Recycled Rides: Local family receives a reconstructed car
This article first appeared in the St. Louis Beacon, Dec. 5, 2012 - Antonio Bobo towered above the wooden podium between him and row after row of onlookers seated in the Mary Ann Lee center at Ranken Technical College. On his left was a freshly detailed Ford Taurus, and on his right were mounds of wrapped presents. Bobo, pausing every so often to wipe away tears, gave thanks to those both in attendance and absent for their gifts to him and his family.
The Bobo family, which includes Antonio; his wife, LaTasha, and six children ranging in age from 17 years old to one on the way any day now, has waded through stormy waters the last several years.
Bobo has been working to steer his life in a good direction since his release from jail in 2006. He had been enrolled at the University of Oklahoma, playing basketball and looking to pursue a degree in psychology when he crossed the law and was sentenced to prison.
After his release, Bobo got help from the Area Recourses for Community and Human Services. ARCHS assigned him a mentor, Felece Brown, who helped him get training in automotive maintenance from Ranken College, and later find a job.
“I looked at what I thought would be a good fit for him,” Brown said.
Bobo is now an assistant manager at a car service facility in University City. Brown has stayed in contact with Bobo even after he passed through the ARCHS program. According to her, the real test of improvement doesn’t come from a person simply going through the steps the program lays out, or even just doing the program for the benefit of their family. In the case of Bobo, Brown said she saw real change.
“You can supply a person with training, you can supply him with employment, but until they actually get it and want to change and not do it for me or their wife or mother or for some other family member,” he or she can’t succeed, Brown said. “He has the potential, and everything there, that he needed.”
This half-decade of self-betterment and education eventually led Bobo back to Ranken. This time, however, he was not receiving an education, but a means to help support his family.
Through collaboration with the Recycled Rides program, a nationwide effort that finds and repairs cars to be donated to families in need, Ranken got and then fixed up a 2006 Ford Taurus.
The college’s students spent more than 80 hours working on the car, and such businesses as Esurance and Firestone donated parts and supplies to get the car fully functional. When it became time for the school to pick a recipient for the Taurus, Brown called Bobo and asked him if he wanted a new vehicle.
“I’m like “Do I want a car? Come on Ms. Brown, quit playing’,” Bobo said. Bobo said his mentor then explained about Ranken’s participation in the Recycled Rides program, that Brown had put his name forward to receive the vehicle.
“I feel blessed. I feel honored,” Bobo said. “It’ll help us out a lot.” The Bobo family has been driving an aging Suburban that is less than ideal for Bobo’s daily commute from O’Fallon to University City. In addition to the car, when the students and faculty learned about the Bobo family, many joined forces and purchased presents, including toys, books and a desktop computer, for Antonio, LaTasha and their kids.

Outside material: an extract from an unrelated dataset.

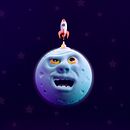 Despegue lunar . Un projet de Modélisation 3D, Conception de personnages 3D et Illustration traditionnelle de Juan Carlos Sosa - 27.07.2021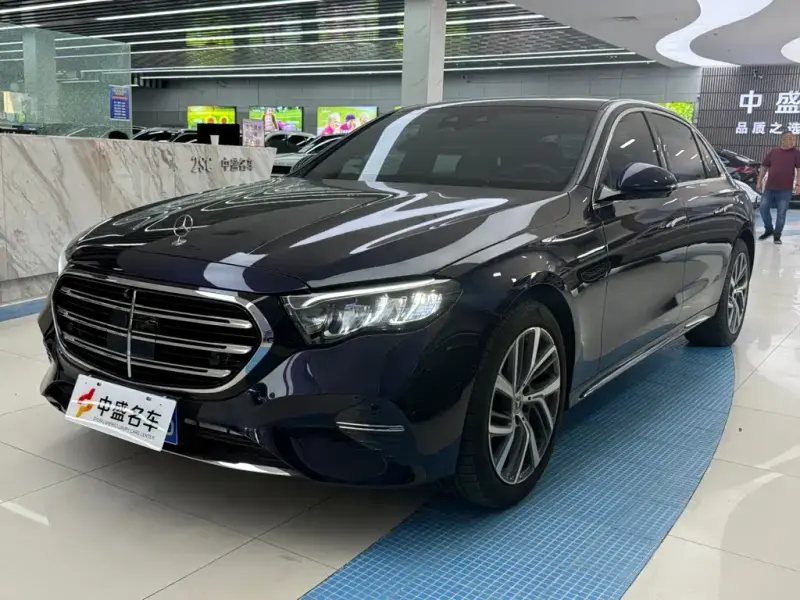 Mercedes-Benz E-Class, 2024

“Our student body has pulled together,” said John Wood, vice president for student success at Ranken. “It's kind of a neat addition to the car giveaway.”
Bobo said he and his wife are focusing on raising their kids in a loving environment, and that he wants them to avoid the mistakes that he made. It’s his past, however, that Bobo feels gives him the tools to be a better father and role model for his kids.
“Someone told me that you can’t have a testimony without a test,” Bobo said. “The things from my past must define me, but [also] give me a clear outlook of what my future shouldn’t be, and what I want better for my kids.”